United States, United Kingdom, Sweden
Abstract
The stellar initial mass function at high redshift is an important defining property of the first stellar systems to form and may also play a role in various dark matter problems. We here determine the faint stellar luminosity function in an apparently dark-matter-dominated external galaxy in which the stars formed at high redshift. The Ursa Minor dwarf spheroidal galaxy is a system with a particularly simple stellar population—all of the stars being old and metal-poor—similar to that of a classical halo globular cluster.
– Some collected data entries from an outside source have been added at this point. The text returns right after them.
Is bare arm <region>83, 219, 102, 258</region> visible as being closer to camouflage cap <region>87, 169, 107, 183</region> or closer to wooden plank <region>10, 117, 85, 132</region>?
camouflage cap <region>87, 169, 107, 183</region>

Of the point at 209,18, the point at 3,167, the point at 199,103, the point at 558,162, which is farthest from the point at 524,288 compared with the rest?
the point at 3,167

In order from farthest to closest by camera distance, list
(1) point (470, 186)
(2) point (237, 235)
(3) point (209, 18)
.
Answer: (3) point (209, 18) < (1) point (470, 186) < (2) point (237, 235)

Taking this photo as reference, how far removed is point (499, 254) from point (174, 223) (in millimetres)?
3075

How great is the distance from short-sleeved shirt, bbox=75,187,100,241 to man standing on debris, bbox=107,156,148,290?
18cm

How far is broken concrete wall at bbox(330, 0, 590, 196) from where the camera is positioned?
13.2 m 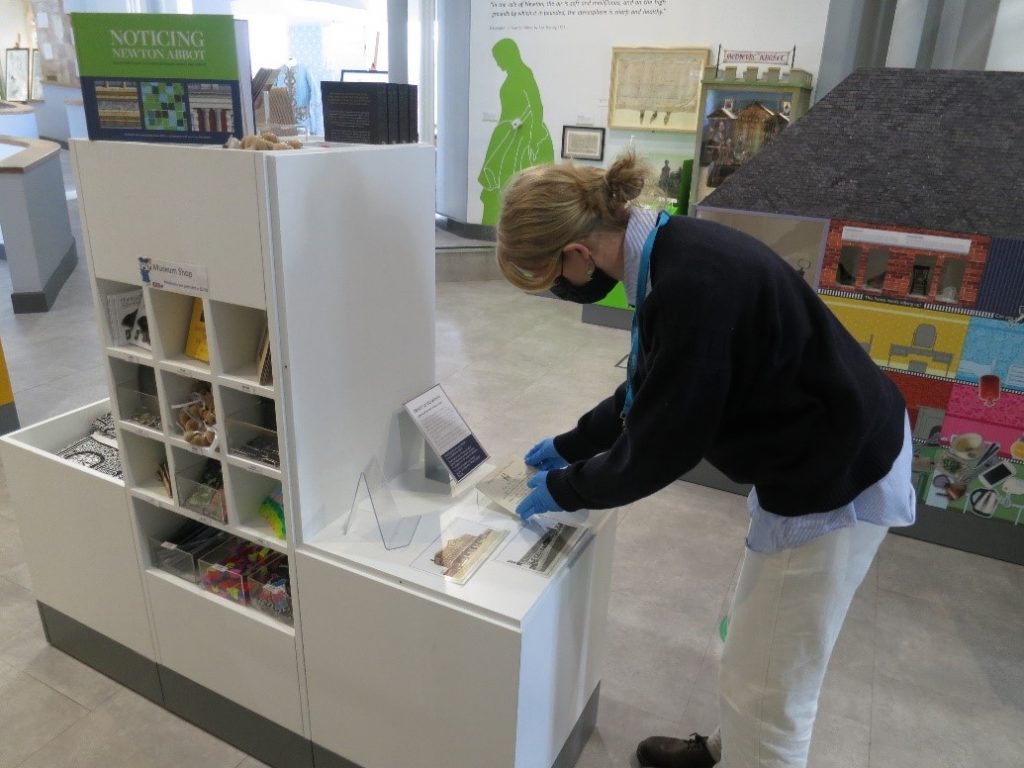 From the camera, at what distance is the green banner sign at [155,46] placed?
165 centimetres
A direct comparison of the faint luminosity functions of the UMi dSph and of similar metallicity, old globular clusters is equivalent to a comparison of the initial mass functions and is presented here, based on deep HST WFPC2 and STIS imaging data. We find that these luminosity functions are indistinguishable, down to a luminosity corresponding to ∼0.3 M ⊙. Our results show that the low-mass stellar IMF for stars that formed at very high redshift is apparently invariant across environments as diverse as those of an extremely low-surface-brightness, dark-matter-dominated dwarf galaxy and a dark-matter-free, high-density globular cluster within the Milky Way.